Staph infections, MRSA, and other nosocomial ("hospital") infection issues
The recent spate of publicity generated by NFL football players suffering staph infections has created public awareness of the possibility that a patient can leave the hospital sicker than he or she was when they entered, as a result of infection. Tom Brady, Kellen Winslow and Peyton Manning have all suffered widely reported infections this fall, and in recent years Brandon Noble of the Redskins and Jeff Novak of the Jaguars suffered career-ending methicillin-resistant Staph (MRSA) infections. A 2005 survey of the NFL identified at least 60 such MRSA infections, a very serious condition in which normally easily treated skin infections become resistant to anti-bacterial medications. Jeff Hageman of the Centers for Disease Control pointed out that the Staphylococcus aureus bacteria is the most common source of skin infections and results in 12 to 14 million doctor visits per year. Authorities are becoming concerned that more and more of these "common" infections are becoming very difficult-to-treat MRSA infections, and in truth, the primary cause is not "malpractice" by health professionals.
Novak sued the Redskins team doctor for malpractice. We don't know if his claim related to the doctor "causing" his infection or failing to respond to it appropriately. Usually, only the latter theory is proveable. The answers with respect to infection and fault aren't as simple as some would suggest.
Winslow, for example, brought attention to the fact that the Browns have allegedly suffered 5 or 6 MRSA infections in recent years. This reminded league authorities of the 2003 MRSA outbreak in the Los Angeles Rams' locker room. After suffering eight cases of MRSA, the Rams asked the Centers for Disease Control to investigate their sanitary procedures. The CDC found that in a warm and humid bacteria-friendly environment, there were many unsanitary practices, including players sharing towels on the practice field and failing to shower before entering the whirlpool; trainers did not always wash their hands at appropriate times. In addition, the roster of players was taking antimicrobial drugs at ten times the rate of the general public. Together, these circumstances created a perfect environment to multiply and share organisms and to immunize them from the effect of standard medications. MRSA was found even on the ultrasound equipment and in the cold pools in the locker room, according to the team's trainer. With proper procedures, the team eliminated its mini-epidemic.

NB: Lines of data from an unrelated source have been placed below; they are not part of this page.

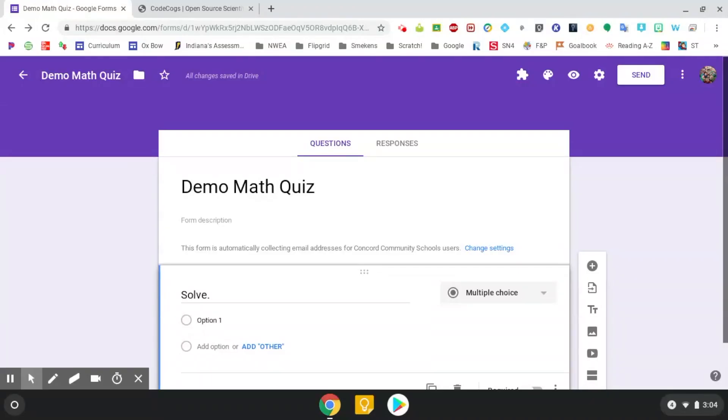Hello all, Adam here. In this video, I'm going to be showing you how you can create a math quiz using Google Forms.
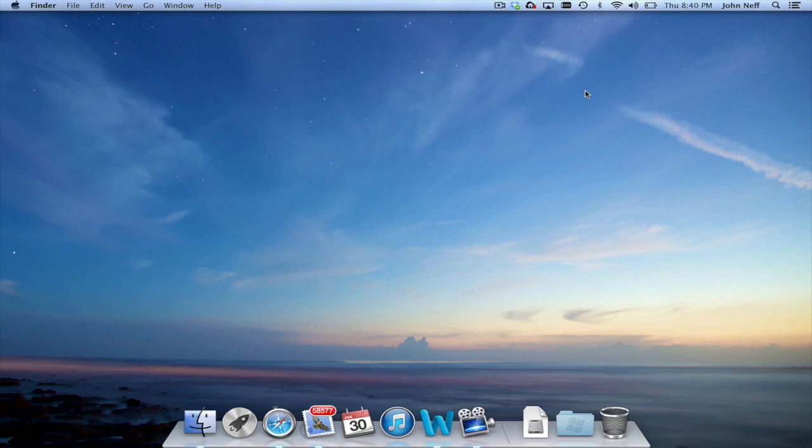In this video, I'm going to demonstrate a variety of ways to find apps on your Mac.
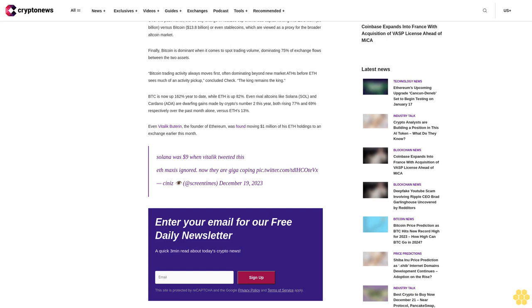BTC is now up 162% year-to-date while ETH is up 82%. Even rival altcoins like Solana (SOL) and Cardano (ADA) are dwarfing gains made by crypto's number two this year, both rising 77% and 69% respectively over the past month alone versus ETH's 13%. Even Vitalik Buterin, the founder of Ethereum, was found moving $1 million of his ETH holdings to an exchange earlier this month.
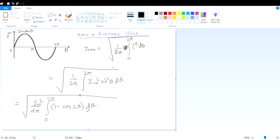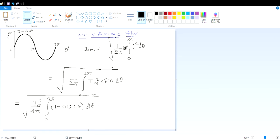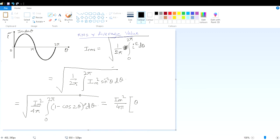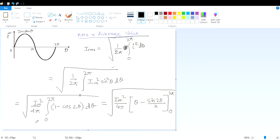So this is the step. We now integrate (1 − cos 2θ) dθ. After integration, the θ term gives θ and the cos 2θ term gives sin 2θ divided by 2, evaluated at limits 0 to 2 pi — and all of this is under the square root.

A hospital can be similar to a locker room, in the sense of population density, invasive procedures and wounds, and "sharing" of treatment equipment, supplies, facilities and personnel. More dangerously, the hospital also brings into close contact a population of ill and resistance-weakened patients. While one might expect that [new] hospital infection rates would be lower in large, university or tertiary care centers where procedures would theoretically be in accord with the highest standards, in fact the opposite has been true. Because they bring the sickest of patients together, tertiary care centers have historically reported nosocomial infection rates 2 or 3 percent higher than the rates reported at small, rural institutions (often reported at around 2-4 percent).

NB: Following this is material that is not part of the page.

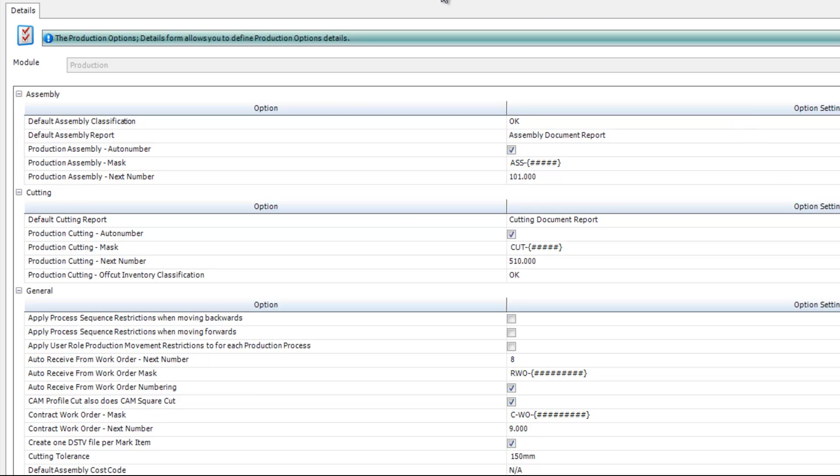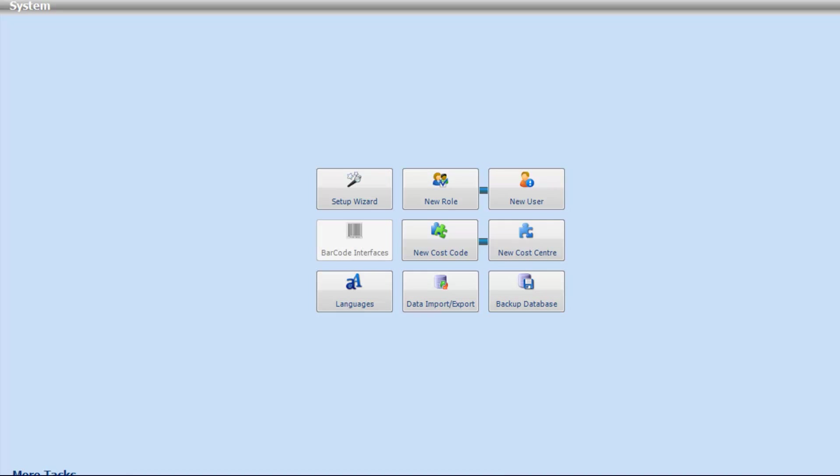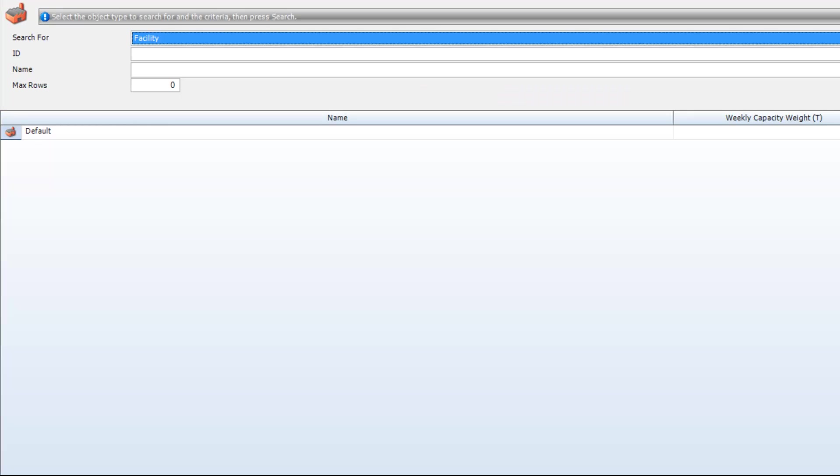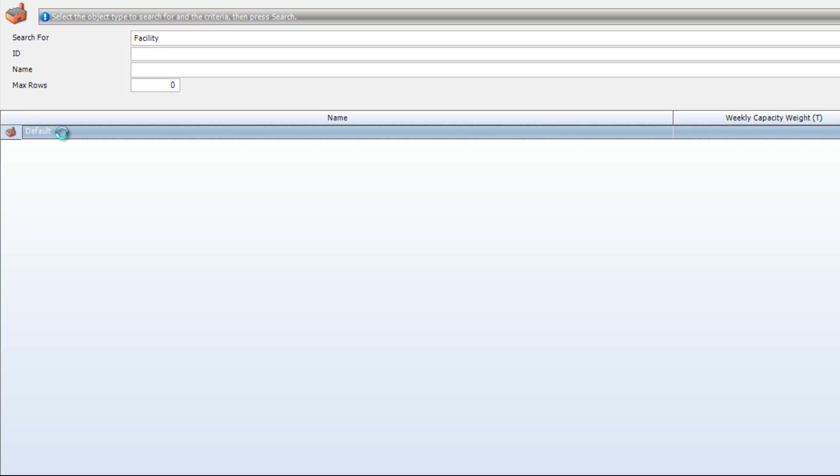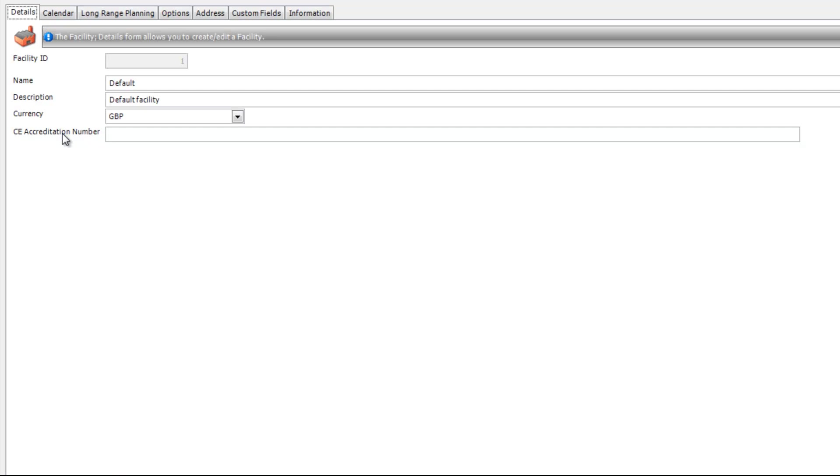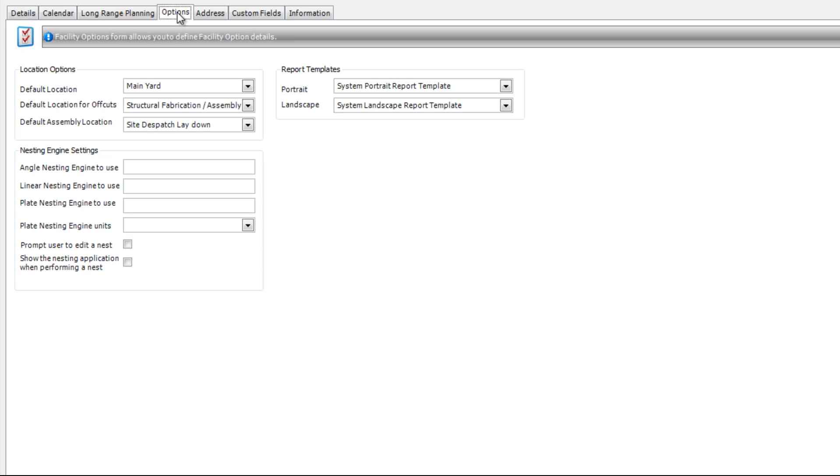We can also do this at facility level as well. Navigate down to the bottom left hand corner of the screen again and select system, and then facility. All of the facilities that you have available will then be shown within a grid style environment. Just double click on one of those and then select the options tab. Within here, you can choose to enter ProNest as the plate nesting engine to use. And then again, select save from the bottom right hand corner of the screen. Once that's done, the configuration is complete and the link between Strumis and ProNest is completed.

As a result, it can be fairly easy for a health institution to "prove" that a particular nosocomial infection was not "caused" by hospital employees, particularly where recent media reports have documented the fact that one in four London commuters carried fecal bacteria on his hands, and MRSA-infected patients are arriving at the ER with unrelated problems and no related symptoms, but carrying the difficult-to-treat bacteria. Infected patients are normally not allowed access to internal hospital investigations into the cause of infection or other bad outcomes and complications, due to a legal privilege that maintains the secrecy of these investigations--even from patients and family. Further, a patient cannot prove that his or her infection was caused by negligent practices simply by showing that the institution has a less-than-stellar history with infection rates: each case must be proved on its own merits and without reference to prior incidents. This remains true, despite a recent Johns Hopkins study in which the rate of ICU infections was reduced to virtually zero at two Michigan hospitals, merely by a studied effort to reinforce hand-washing standards.

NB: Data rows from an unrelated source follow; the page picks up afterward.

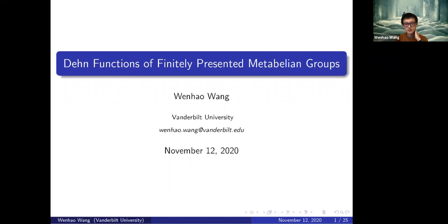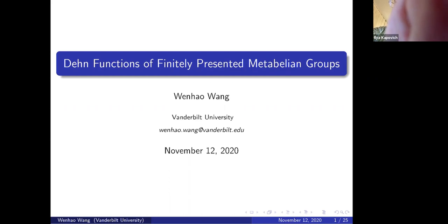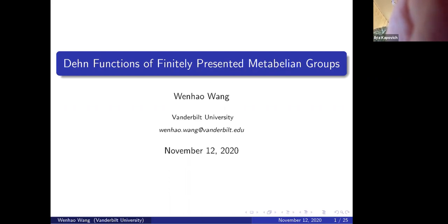Good afternoon everyone. I'd like to welcome today's speaker, Van Hao One from Vanderbilt University. As usual, when the speaker starts, please put yourself on mute. When you want to ask a question, please unmute and ask. After the talk we'll have an extended informal discussion. I'm pleased to introduce today's speaker from Vanderbilt University, who will tell us about the Dehn functions of finitely presented metabelian groups.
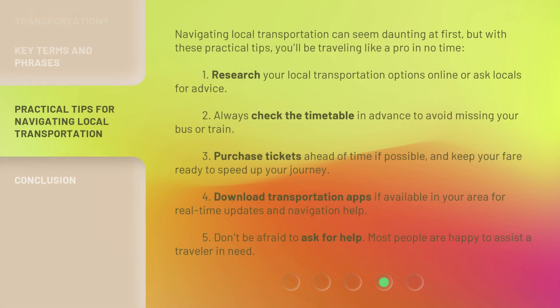Navigating local transportation can seem daunting at first, but with these practical tips, you'll be traveling like a pro in no time. One: research your local transportation options online or ask locals for advice. Two: always check the timetable in advance to avoid missing your bus or train. Three: purchase tickets ahead of time if possible, and keep your fare ready to speed up your journey.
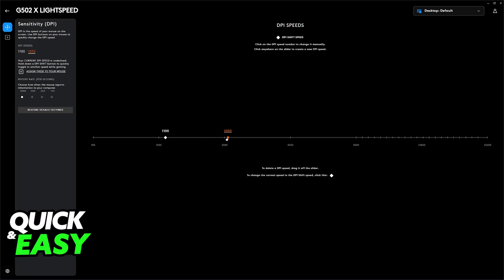Right now, I can set two speeds, and when I press the DPI button on my mouse, I can switch between them. All you have to do is set them up here, and once it's set up, you can change between these settings. Just press the DPI button and you're good to go.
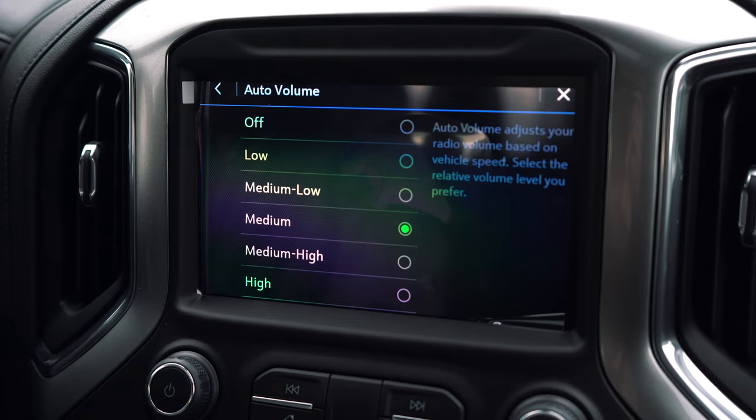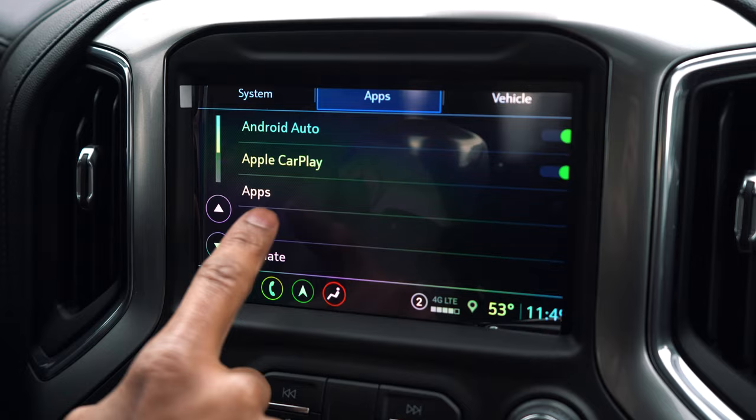To get to this menu, you're going to go to your apps, select audio, and then go to your auto volume control.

Some of this may change in the future. In any event it will become more interesting. Medicare has recently adopted new rules that would deny compensation to hospitals for treating some infection complications which Medicare has deemed to be caused by the institution. Medicare apparently relies primarily upon the institution's rate of infection to make this determination, and it is likely that many patients experiencing a poor result and seeing that Medicare has rejected the hospital's billing, will be seeking legal counsel. If current trends continue, the logic that a poor record reflects inadequate procedures will likely be deemed adequate to deny public funding, but inadequate to warrant individual compensation.